At the polar opposite end of the spectrum, the number of “nones”, people who do not believe in religion or people who are not affiliated with any religion in particular, has seen an increase of approximately 23 per cent since 2007. Out of all of them, 31 per cent claim to be atheists or agnostics.
After Alan Cooperman, director of religion research at the Pew Research Center, and his colleagues interviewed more than 35.000 Americans over the phone, he gave a statement summing up the phenomenon: “The country is becoming less religious as a whole, and it’s happening across the board”.
While one theory for the sudden drop in Christianity is the coming into adulthood of the millennial generation, well known for being non-religious and globally oriented, the results also show that many former Christians from the Silent Generation, Baby Bloomers and Generation X have abandoned their religious orientation.
The study does mention that millennials are becoming even less religious as they get older.
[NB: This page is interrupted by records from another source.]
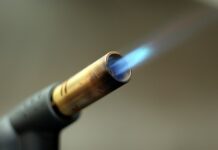 Jak działa dysza wolnych obrotów?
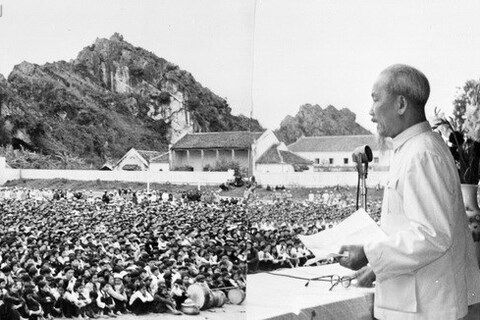 Tư liệu ảnh Chủ tịch Hồ Chí Minh với Tân Trào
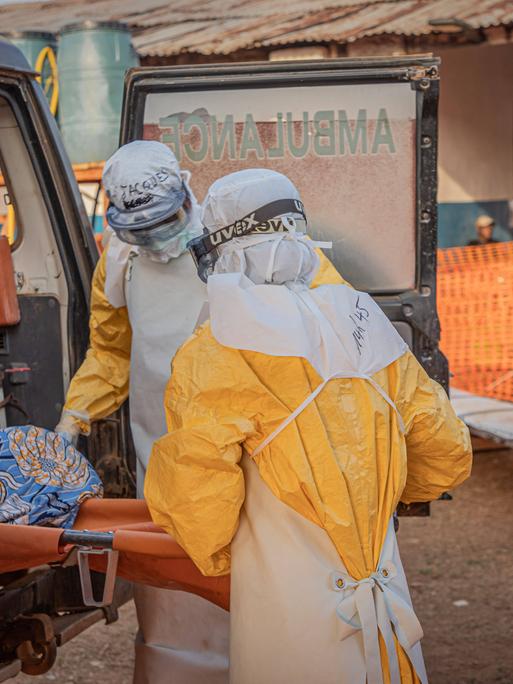 Mediziner verladen einen Ebola-Patienten in ein Auto, Mongbwalu, Provinz Ituri, Demokratische Republi Kongo, am 26. Juni 2026 Mediziner verladen einen Ebola-Patienten in ein Auto, Mongbwalu, Provinz Ituri, Demokratische Republi Kongo, am 26. Juni 2026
In 2007, when Pew last conducted a Religious Landscape Survey, only 25 per cent of those born between 1981 and 1989 did not identify themselves as religious people. The number grew to 34 per content in the latest survey.
Alan Cooperman and Greg Smith, directors of research at the Pew Research Center, agree that millennials are not likely to become more religious as they get older, with Cooperman explaining: “It’s not that they start unaffiliated and become religious. In fact, it’s the opposite”.
Catholics may have suffered the greatest decline of all religious groups – there are about 3 million less Catholics in the US today than there were in 2007. While about a third of Americans say they were raised Catholic, 41 per cent of them no longer identify with that label into adulthood. The religious affiliation has lost more than 1 in 8 of its former members and only benefits from a conversion rate on 2 per cent.
Jews and Buddhists had the same percentage they did in 2007, while the Muslim or Hindu has seen a slight increase.
Another important factor that could explain the fall of religion is the increasing racial and ethnic diversity – 41 per cent of Catholics, 24% of evangelical Protestants and 14% of mainline Protestants are now minorities.
The decline in religious affiliation is also believed to have led to an increase in religious intermarriage. 39 per cent (4 in 10) Americans who have gotten married since 2010 said they are in religiously mixed marriages. A 20 per cent increase compared to those who got married before 1960. Out of all of them, about 1 in 5 participants confirmed that they are either Christian spouses who married a religiously unaffiliated partner, or religiously unaffiliated partners who married a Christian spouse.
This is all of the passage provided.